You can probably get a spec-sheet for their proprietary materials if you ask. You might have to reverse-engineer cartridges with security features though.

The Fab@Home guys are trying out various different materials, since their syringe-based extruder allows more flexibility than the RepRap.

http://fabathome.org/wiki/index.php/Fab%40Home:Materials

As far as cheap materials go, it doesn't get much cheaper than garbage plastic.

http://reprap.org/wiki/Recycler


> You can probably get a spec-sheet for their proprietary materials if you ask.

Or you could just go here (this is my old startup): http://marketplace.cloudfab.com/fab_facts (click through for every datasheet on every machine and material)


The biggest cost is probably the manual labor that goes into finishing a part. 3D printers are hardly analogous to the current state of paper printers: all of the technologies require some form of post processing (cutting away supports, curing materials, sanding, etc.).

Most of the discussion I see about 3D printers ignores the significant amount of physical effort you have to put into a part if it will be used for anything (and depending on the method, just to see the part).


Why not? What are the differences?


Generally, those from the engineering community sneer at the MakerBot and the RepRap. Just listen for the word "tolerances."

Now, they're totally right: the home printers have a significantly lower resolution than the professional ones.
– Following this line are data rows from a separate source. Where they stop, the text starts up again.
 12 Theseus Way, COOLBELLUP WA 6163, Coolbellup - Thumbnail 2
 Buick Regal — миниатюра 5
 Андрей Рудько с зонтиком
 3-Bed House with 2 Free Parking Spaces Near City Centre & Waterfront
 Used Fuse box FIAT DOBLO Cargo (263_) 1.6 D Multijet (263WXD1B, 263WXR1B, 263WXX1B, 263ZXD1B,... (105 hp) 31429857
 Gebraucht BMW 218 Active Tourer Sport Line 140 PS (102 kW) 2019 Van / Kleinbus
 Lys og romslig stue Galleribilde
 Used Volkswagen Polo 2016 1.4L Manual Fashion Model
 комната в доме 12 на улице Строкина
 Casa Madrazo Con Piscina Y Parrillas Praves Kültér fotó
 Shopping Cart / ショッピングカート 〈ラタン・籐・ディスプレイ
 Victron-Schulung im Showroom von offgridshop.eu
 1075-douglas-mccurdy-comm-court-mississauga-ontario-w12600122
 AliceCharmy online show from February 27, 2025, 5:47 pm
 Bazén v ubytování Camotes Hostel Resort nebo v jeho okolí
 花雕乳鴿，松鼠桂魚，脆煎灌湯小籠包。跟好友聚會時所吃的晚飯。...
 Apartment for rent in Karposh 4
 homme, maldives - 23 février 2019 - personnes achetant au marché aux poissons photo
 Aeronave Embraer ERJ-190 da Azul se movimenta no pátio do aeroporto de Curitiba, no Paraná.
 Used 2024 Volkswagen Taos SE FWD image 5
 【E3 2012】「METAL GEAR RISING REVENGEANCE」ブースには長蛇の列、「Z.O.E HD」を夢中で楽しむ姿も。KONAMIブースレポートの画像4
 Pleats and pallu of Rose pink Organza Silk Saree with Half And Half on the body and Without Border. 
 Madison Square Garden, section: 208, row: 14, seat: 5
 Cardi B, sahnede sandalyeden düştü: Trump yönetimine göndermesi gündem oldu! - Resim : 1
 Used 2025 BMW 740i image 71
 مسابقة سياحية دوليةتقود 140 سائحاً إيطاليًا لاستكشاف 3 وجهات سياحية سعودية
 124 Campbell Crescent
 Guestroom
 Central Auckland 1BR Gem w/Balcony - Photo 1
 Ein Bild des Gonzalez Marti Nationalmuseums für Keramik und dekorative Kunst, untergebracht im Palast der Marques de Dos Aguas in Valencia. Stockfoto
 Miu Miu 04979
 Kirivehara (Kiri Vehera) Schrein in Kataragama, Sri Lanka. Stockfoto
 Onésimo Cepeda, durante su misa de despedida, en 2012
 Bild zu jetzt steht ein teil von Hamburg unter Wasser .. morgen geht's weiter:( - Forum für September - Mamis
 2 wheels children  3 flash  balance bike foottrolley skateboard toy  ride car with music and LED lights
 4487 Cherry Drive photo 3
But unless you're making professional grade parts, you probably don't care, and they use the same materials. (I'm assuming you're making the comparison to other FDM machines.)


Assuming the tolerances for the cheap 3D printers will improve, isn't this a classic case of disruption we are seeing here?

Sure they aren't great enough for everything yet, but there has to be things you can create even with the cheap bots that are good enough to be useful.


Oh yeah, totally, on both counts.


Ah, that makes sense. However, it sounds very good for the price.


Oh totally. It's like the state of the art in the 80s, or something. And they're rapidly improving.

I'm excited to see what happens as the patents in this space expire. I'm expecting it to be similar to what happened with steam engines.


I expect it to be similar to what happened with the printing press and computers in that you'll be able to download (/pirate) actual objects. The revolution will be huge.


You wouldn't download a car, would you?



I'd definitely download a policeman's helmet.


The best machine gun in Mass Effect 2 has "Fabrication Rights Management" technology which prevents you from printing one for each member of your team. I doubt real-world engineers for companies whose products would be most affected by downloadability are too far behind.


Whoa - that's an interesting take on DRM! Nowadays an industrial CT scanning usually gets past that - not sure what Mass Effect claims to use ;-)


I'm looking forward to my open source kitchen utensils!